RECORDED INFORMATION -

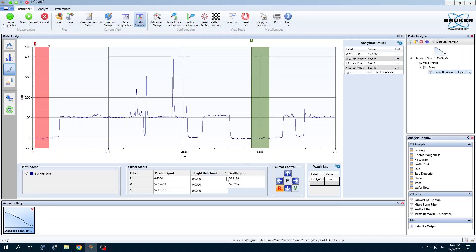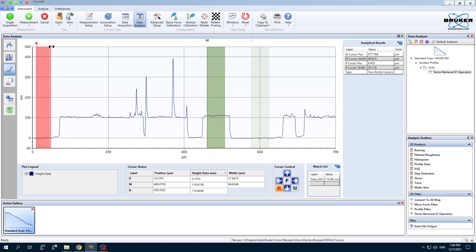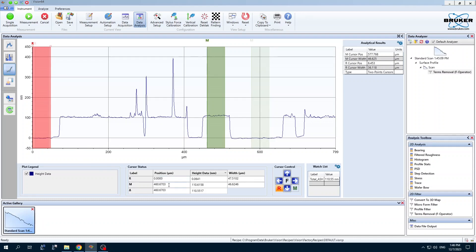Now I could take some measurements. For example, I could highlight an area here, highlight an area of the R. Now at the bottom of the screen, we have an average height over this width for the M cursor, an average height over the R cursor, and our difference of 110 nanometers.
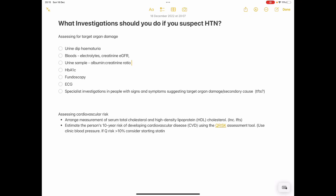So you've got a patient whose clinic blood pressure is raised, you're suspecting hypertension — how do you investigate? Number one, you're thinking of whether there's been any target organ damage if this patient has hypertension.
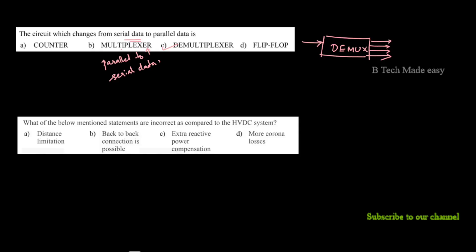Next question: which of the below statements is incorrect as compared to an HVDC system? The incorrect statement is that an HVDC system has more corona loss. In fact, for a DC system, corona loss is not higher — this is the incorrect claim.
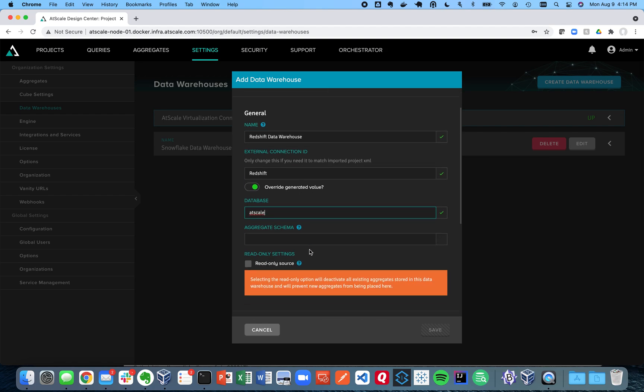The database is the database where AtScale is first going to look. That's a default database in Redshift. You'll find that on your console.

INSTRUCTIONS FOR THE TASK - Leave the pictures out and reproduce exactly the lines from the top of the listing above through the line with "So you've got".

SOLUTION -
Now I could take some measurements. For example, I could highlight an area here, highlight an area of the R. Now at the bottom of the screen, we have an average height over this width for the M cursor, an average height over the R cursor, and our difference of 110 nanometers.
So you've got a patient whose clinic blood pressure is raised, you're suspecting hypertension — how do you investigate? Number one, you're thinking of whether there's been any target organ damage if this patient has hypertension.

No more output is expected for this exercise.